Digital transformation in World-class procurement organisations continues to significantly enable major savings in process costs of close to 30%.
Technology has always played an important role in enabling world-class performance through improved efficiency and effectiveness. But procurement is now at an inflection point, the research found, and both world-class and typical procurement organisations will need to turn to digital transformation to ensure that they can continue to reduce costs and add value.
The research, conducted by The Hackett Group, found that standardising and automating routine tasks significantly improved efficiency. To improve effectiveness, world-class procurement organisations continue to significantly outperform peers in service delivery productivity. In combination, for a typical company with $10bn in revenue, attaining world-class performance in procurement represents as much as $6mn in potential savings annually.
World-class procurement groups also have a significantly higher ROI than peers, generating a 10.7X payback on investment in procurement, more than twice that of typical procurement organisation. But cost reductions and savings are forecasted to level out in coming years, making it necessary to find new ways to continue to unearth value.
The Hackett Group’s research found that digital transformation can enable typical procurement organisations to reduce their process costs by 30%, bringing them to cost levels slightly below those of world-class procurement organisations, which have invested to a greater extent in value-creating capabilities.
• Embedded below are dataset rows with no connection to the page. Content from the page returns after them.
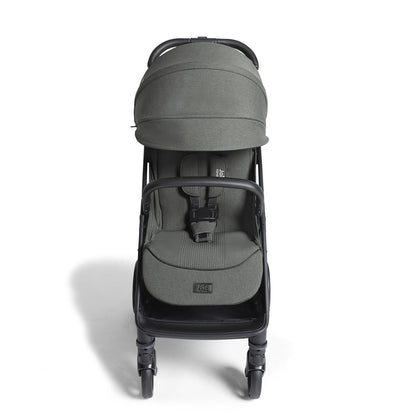Joie Parcel LX Signature Stroller - Evergreen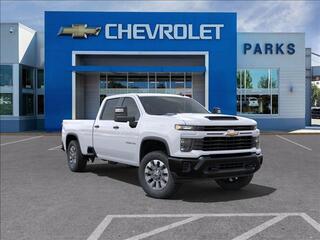 2025 Chevrolet Silverado 2500HD for sale in Kernersville NC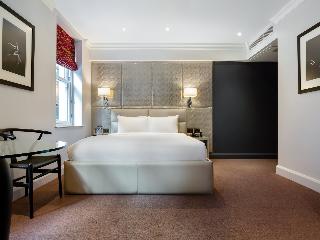 Radisson Blu Edwardian Mercer Street Hotel London fotoÄŸrafÄ±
World-class procurement organisations can reduce process costs by 22%.
“There’s a tremendous opportunity for procurement organisations to apply digital technologies – including cloud-based infrastructure and applications, business analytics, and more – to transform their service delivery model. It can make them faster, cheaper, smarter, much more responsive to their customers and quite simply a more valuable partner to the business,” said Christopher S. Sawchuk, principal & Global Procurement Advisory Practice leader, The Hackett Group.
According to Robert Derocher, principal, Strategy and Operations Practice, The Hackett Group, “It’s important to understand that while digital technology is a powerful new platform, on its own it will not deliver the full performance improvement potential. New technologies may lead the way, but they must fit within a larger strategy, one based on a well-designed service delivery model that includes rationalisation of ERPs and other legacy technologies along with redesign of processes, information, talent and organisation. Digital technologies will allow procurement to significantly accelerate headcount reductions. But procurement then has to dedicate the resulting savings to fund more technology investment, while redeploying or hiring new resources for higher-value activities.”
The Hackett Group’s research identified six digital accelerators for procurement. Digital Engagement, including self-service for both employees and managers, can improve efficiency, engagement and customer experience. Robotic Process Automation is moving from pilots to widespread adoption, enabling the automation of routine tasks in purchase-to-pay and elsewhere. Analytics-Driven Insight is already a hallmark of world-class procurement, and allows procurement to make be more agile and make predictive rather than reactive decisions while improving planning and analysis and facilitating more detailed performance measurement.
Modern Digital Architecture such as software for e-sourcing, supplier discovery and contract lifecycle management, can enable procurement to significantly speed up tasks like finding and qualifying suppliers, reduce lapsed contracts and increase the use of standard terms and conditions. Digital Workforce Enablement, including social media and messaging services, can help create a culture of collaboration, enable crowdsourcing of answers to questions and speed up work processes, particularly for the new generation of procurement professionals. Finally Cognitive Computing and artificial intelligence, which are in more nascent stages, are starting to help procurement organisations run models, make predictions and analyse large data sets.